There may be much to admire in the early goings of Mike Dagñalan's Layang Bilanggo, but somewhere along the way the film loses it, irretrievably, and falls into the trap of indiscriminate inclusiveness. The first 10
or so minutes are a study in storytelling restraint and concision, an
opening sequence that redounds to great directorial promise. First, we
are given to witness an assassin’s pinpoint precision as he executes a
hit. The film then cuts to a jail office where a journalist and the
chief warden discuss rumors of prisoner-assassins. The warden hems and
haws, clearly concealing the truth. Subsequently, we get the assassin's
vantage, his double life in prison. In a few precise and penetrating
scenes that reflect and lay bare the urgency of what it dramatizes, the
film sets up an absorbing premise and introduces the disturbing reality
of the prisoner-for-hire.
Prisoner-for-hire.
That criminal mutation born out of extreme state impunity and
corruption, on the payroll and protection of penitentiaries that are
supposed to reform him. In Mike Dagñalan’s sophomore film, the focus
falls on one such assassin named Paul, a man who is caught on the horns
of a dilemma. He wants to turn his life around, but he is helpless. For
him, there is no exit: middle-aged and all, he must keep on killing to
remain useful to his sponsors, to whom the diminishment of his abilities
might spell expendability. Death. His is a cheapened life whose fate is
not his to decide.
There
are two parallel strands that interweave to tell this man’s story. One
strand traces his apparent past as an assassin who gets instructions
from a warden named Adamos and a shadowy godfather. Even in the confines
of such irregular circumstances, there are still other irregularities:
power struggles among penitentiary officials, and machinations for his
criminal services. Which is where the film starts to lose it. These
sequences comprise some of the subplots that unnecessarily complicate
the film, where a little narrative restraint would have been to the
point.
The
other strand of Paul’s story is his search for his daughter and his
admission into Anawim, an institution for the aged. Here he is a curious
presence. While the real denizens of Anawim grapple with dementia and
second childhoods, Paul turns out fine portraits. We soon realize why he
is here: why he noticeably has a close rapport with the home's art
teacher. She is his abandoned daughter. He has found her. There is no
outright reunion, but that doesn’t stop the film from approximating it.

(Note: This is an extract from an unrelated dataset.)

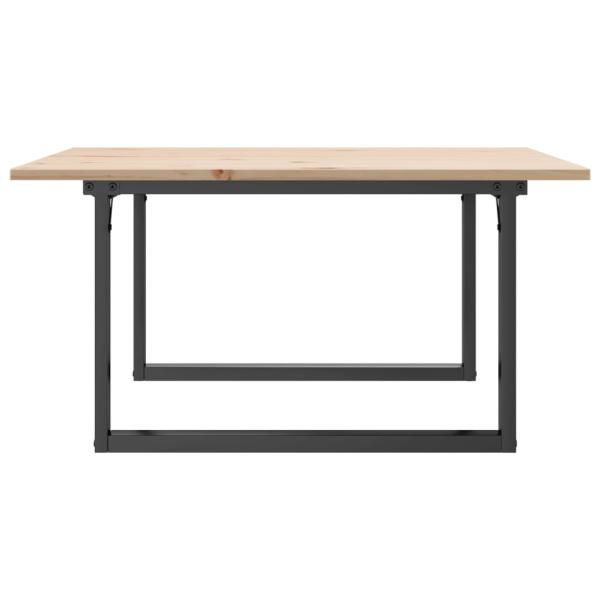 Couchtisch O-Gestell 80x80x45cm Massivholz Kiefer und Gusseisen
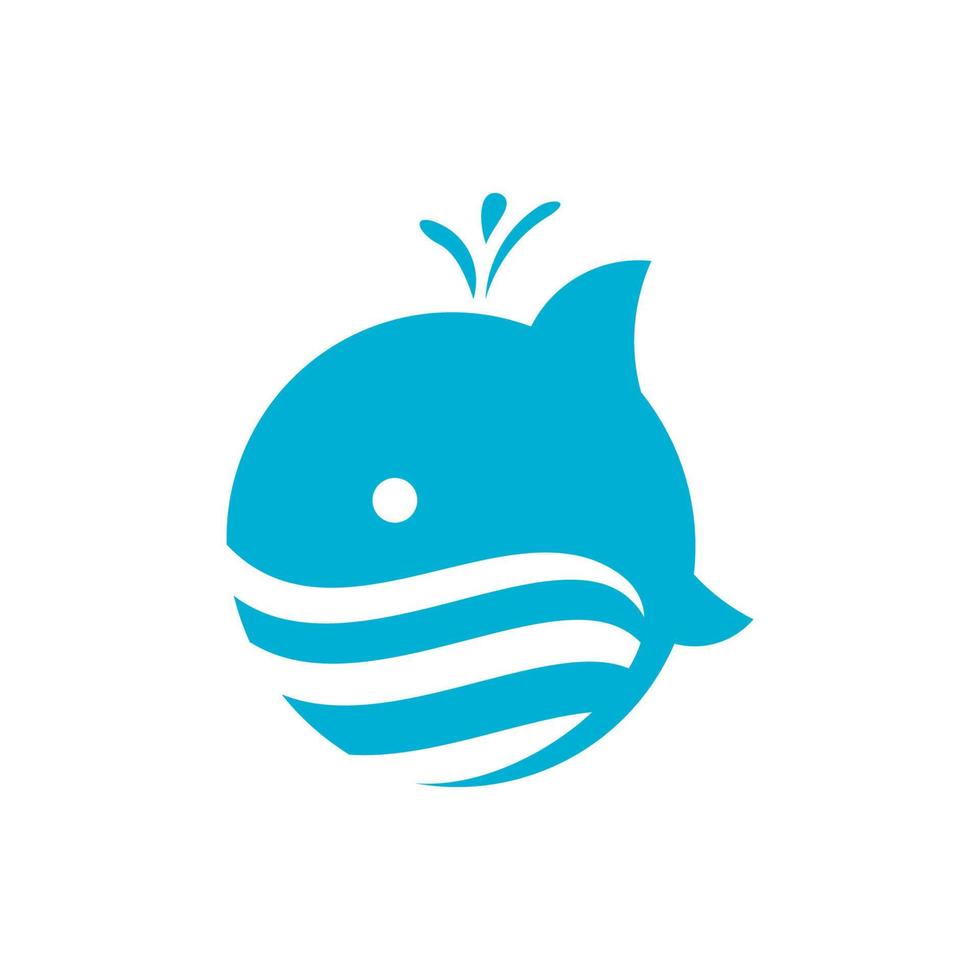 design de logotipo de vetor de tubarão golfinho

Suffice it to say: she soon calls him father.
Such
is the suspect dramatic roundedness of Layang Bilanggo. Overplotted and fulsome, it is crammed
full with all the melodramatic elements beloved to Filipino tastes. Listen to
its twist-a-minute delights: The sad, elderly stories in Anawim. The
alliance of a cop and a criminal. The formidable foe in a woman
assassin. A father and daughter’s de facto, if momentary, reunion. The
high-body-count finale: What more can a casual filmgoer want?
Quick
eventfulness seems to be the filmmakers' overriding credo and Layang
Bilanggo's ultimate undoing. The film, it turns out, credits four
scriptwriters. Throw in a script consultant in the person of Bing Lao,
who must have wielded little veto power, and you have the makings of an
over-determined and overwritten story. Where a more direct expose on a
disturbing criminal reality would have sufficed in making a powerful and
unforgettable and relevant statement, Dagñalan stubbornly elects to
tell a story chockful of popular and sensational action and drama.
Layang Bilanggo may have romped off with the top prizes at the recent
Cinema One Film Festival but it remains the work of a callow filmmaker.
This is not yet Kubrador or Kinatay or Bakal Boys. This is glorified
soap opera.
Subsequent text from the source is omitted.